Large-scale retail formats can also help in aggregating benefits, which are then passed on to consumers in the form of lower prices. A survey by ICRIER shows that typical savings can range from 5-10%, with households earning less than R10,000 per month saving the most when buying from organised retail. Also, larger stores offer more variety to customers due to better expertise in managing complex supply chains. At a time when demand for choice is increasing among all classes, the organised retail format is better equipped to provide differentiated consumer products.
For workers, organised retail offers an opportunity to shift from the uncertainties of the unorganised sector to better wages and more security.
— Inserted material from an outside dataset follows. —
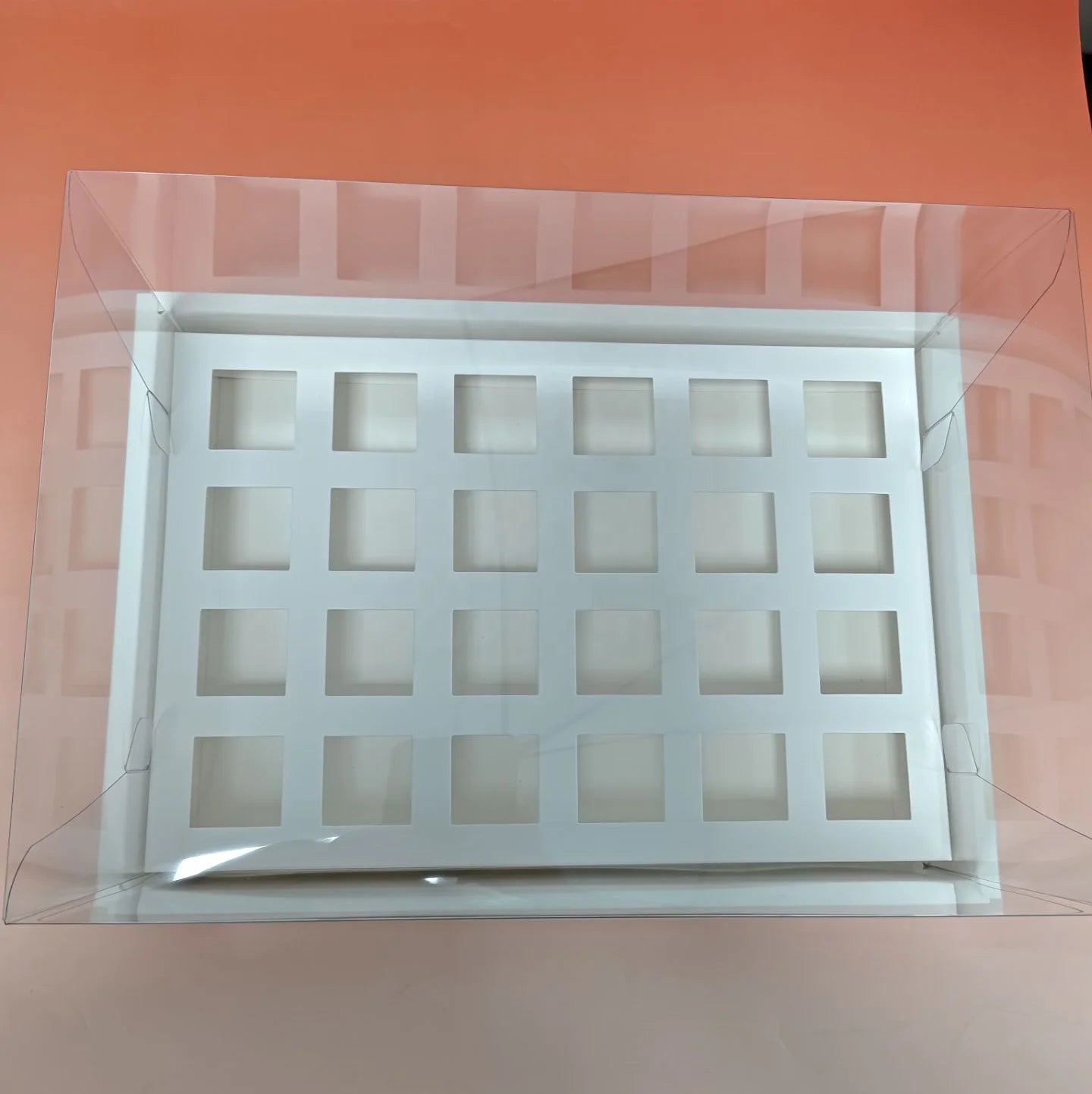 XJH Wholesales White Cake Box Gift Cup White Cupcake Box Packaging Transparent Cover Dessert Shoot Boxes With clear Lid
In fact, this could be a high employment area for less-skilled workers wanting to shift from farm labour to jobs with better benefits such as provident fund, sick leave, etc.
It is estimated that about 7-10 million new jobs could be created directly and indirectly in organised retail and related logistics sectors, adding some $35-45 billion to incomes annually.
Higher productivity is also ensured as workers operate in superior work environments with better facilities and tools. Dignity of labour is assured for such workers. The sector also offers opportunities for personal growth and progression. Several large retailers are already providing training or investing in skill development.
Finally, the government too would be a beneficiary of higher investments in organised retail. Tax revenues would be generated through organised retailers, while transparency and accountability would also increase.
Currently, the size of the retail market in India is estimated at some $425 billion, which is projected to expand to $1,250 billion by 2020. Organised retail contributes just $28 billion, with a penetration rate of 6-7%. In the best scenario, the size of the organised retail component will be just about 21% of the total by 2020. Smaller players would continue to dominate the overall retail sector. Even in the last few years, a study by ICRIER found no evidence of a decline in employment in the unorganised sector as a result of entry of organised retailers.
At a time when inflation continues to be a concern, the announcement of FDI in retail comes as a major policy reform for the overall supply chain. The country needs the technology, innovation, scale and expertise of foreign retailers for unlocking supply values.